##### RECORDS SUPPLIED #####

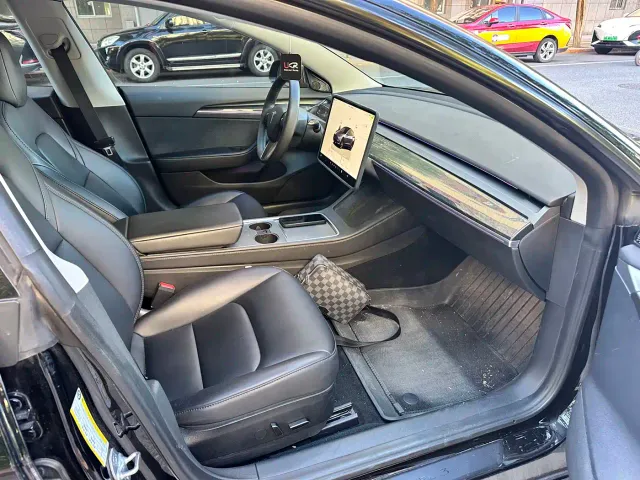 Tesla Model 3 — Фото автомобиля 7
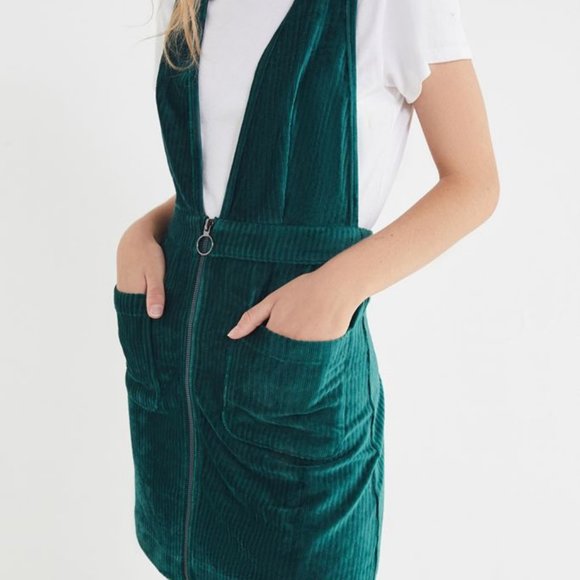 Moon River Dresses & Skirts - NWT Moon River Green Overall Corduroy Mini Dress L
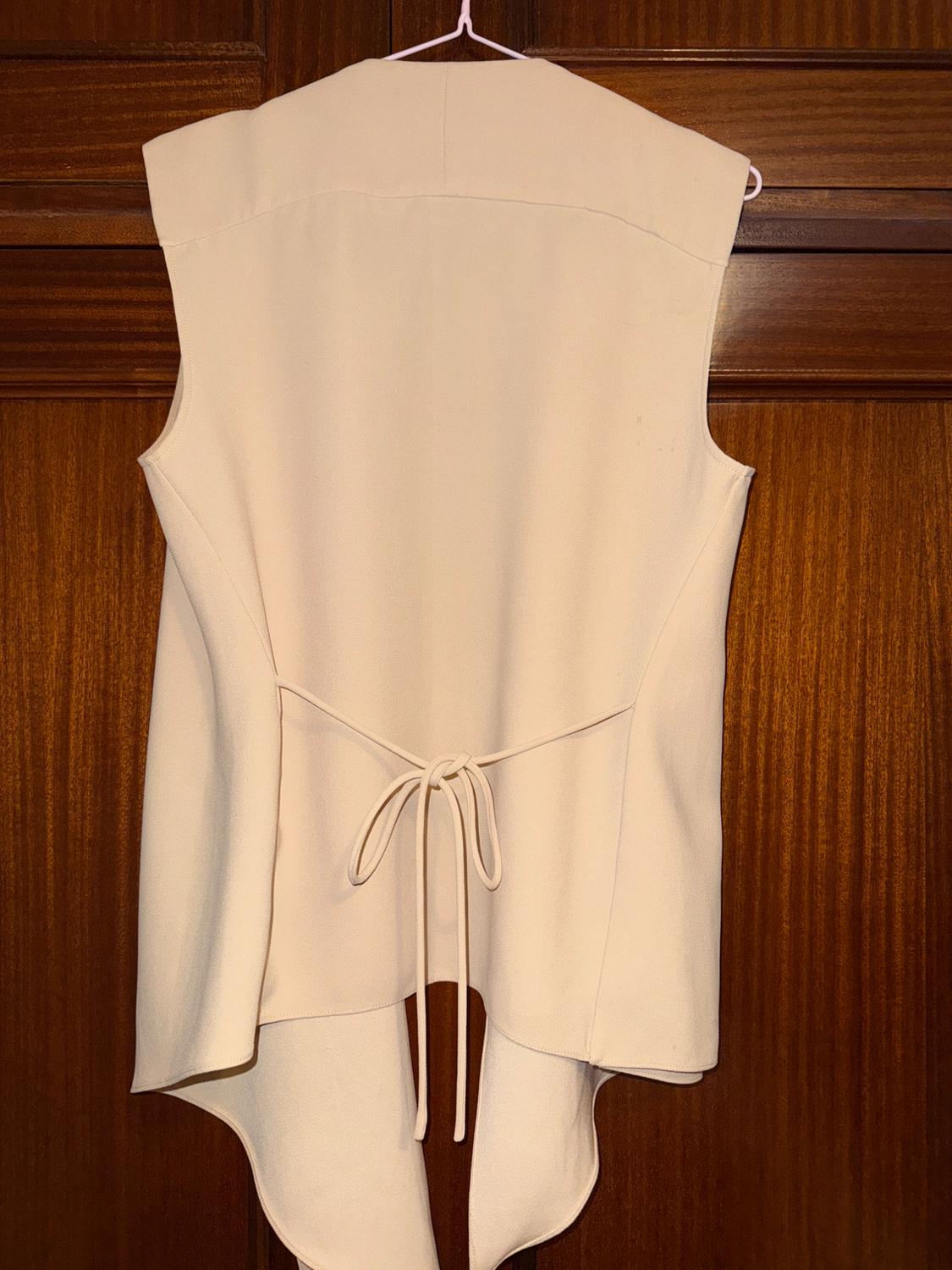 BEIGE BLAZER NO SLEEVE - Image 2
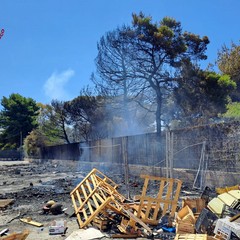 Fiamme in via Napoli, a fuoco il mercato generale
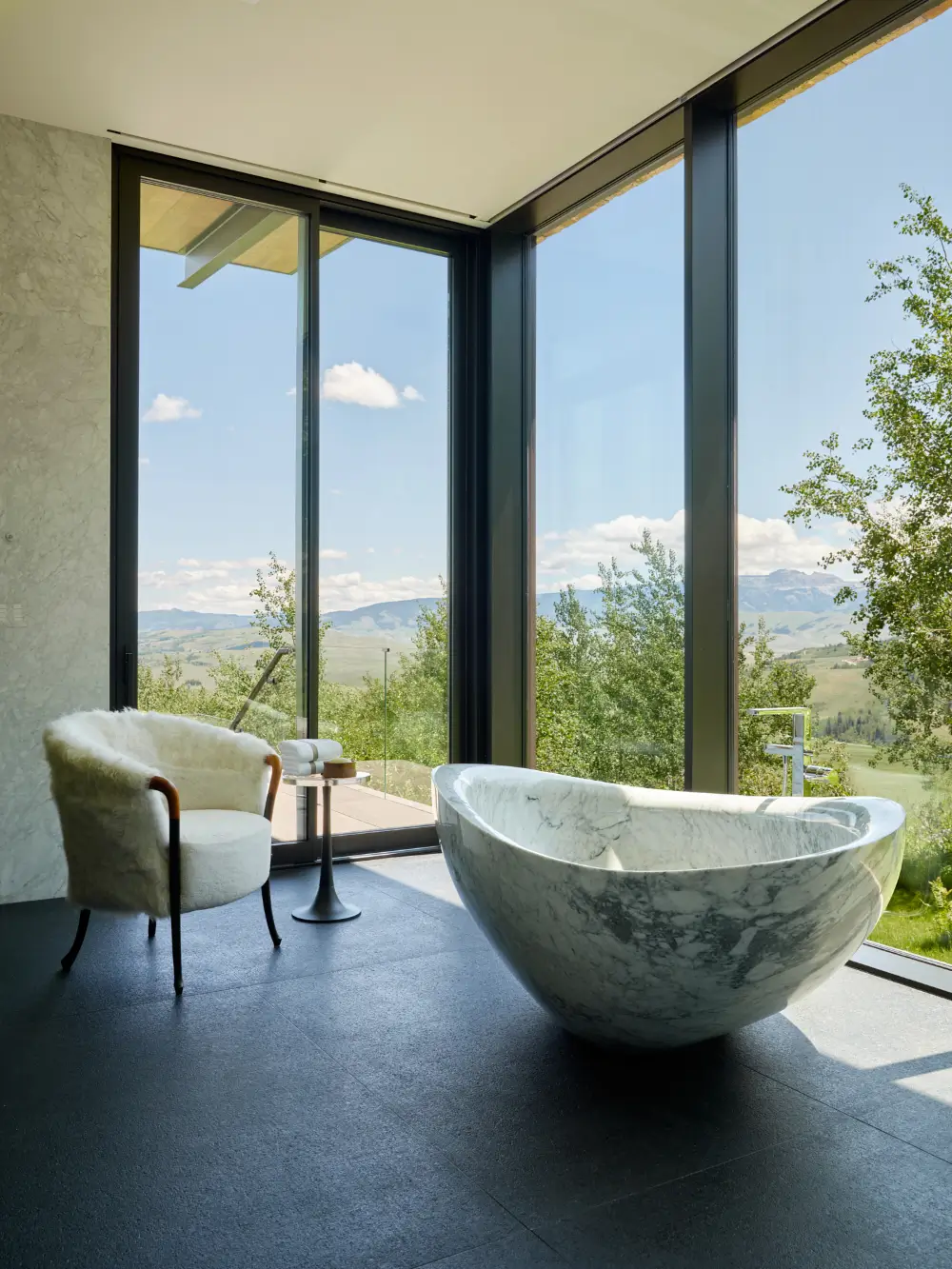 A Mountain Sanctuary Above the Tetons with a Luxurious Officine Gullo Kitchen 40 officine-gullo-wrj-design-wyoming-villa-nordroom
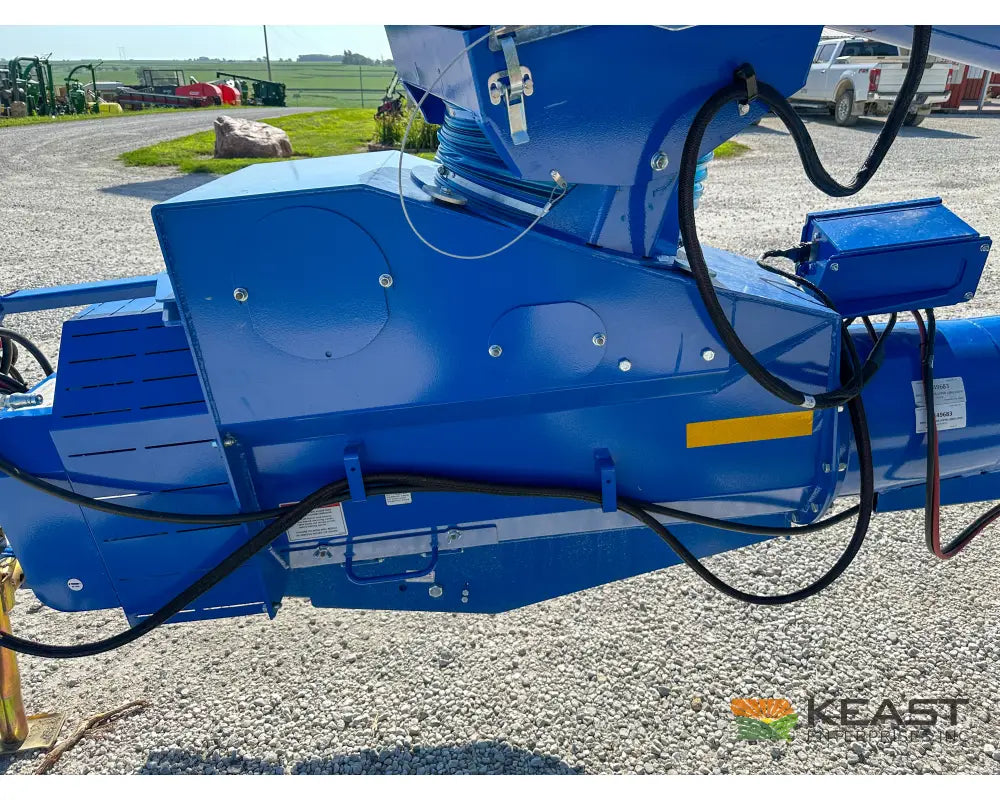 Brandt 1390HP Auger - 13’’ x 90’ Electric Swingaway Scissor Lift Augers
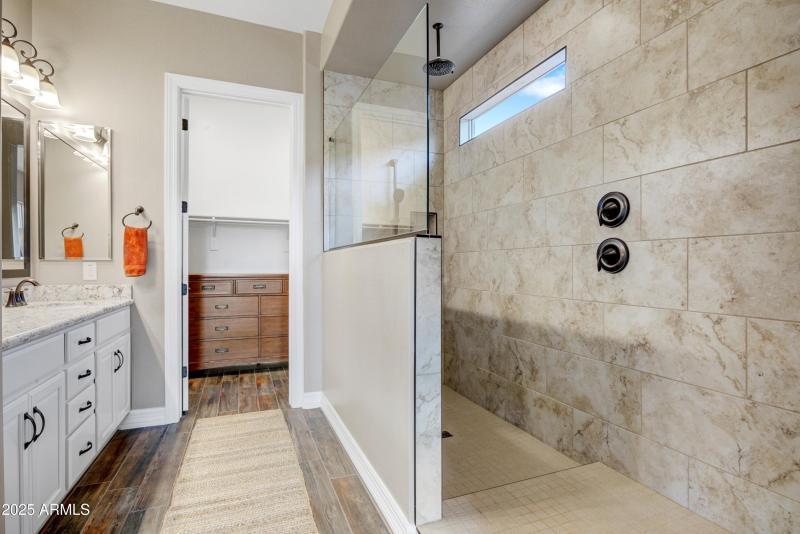 010_Primary Bathroom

#####

> WORK INSTRUCTION
Pictures must be left out. Repeat exactly the lines from the one containing "Moon River Dresses" through the final line of the data.

> SOLUTION TO THE EXERCISE
 Moon River Dresses & Skirts - NWT Moon River Green Overall Corduroy Mini Dress L
 BEIGE BLAZER NO SLEEVE - Image 2
 Fiamme in via Napoli, a fuoco il mercato generale
 A Mountain Sanctuary Above the Tetons with a Luxurious Officine Gullo Kitchen 40 officine-gullo-wrj-design-wyoming-villa-nordroom
 Brandt 1390HP Auger - 13’’ x 90’ Electric Swingaway Scissor Lift Augers
 010_Primary Bathroom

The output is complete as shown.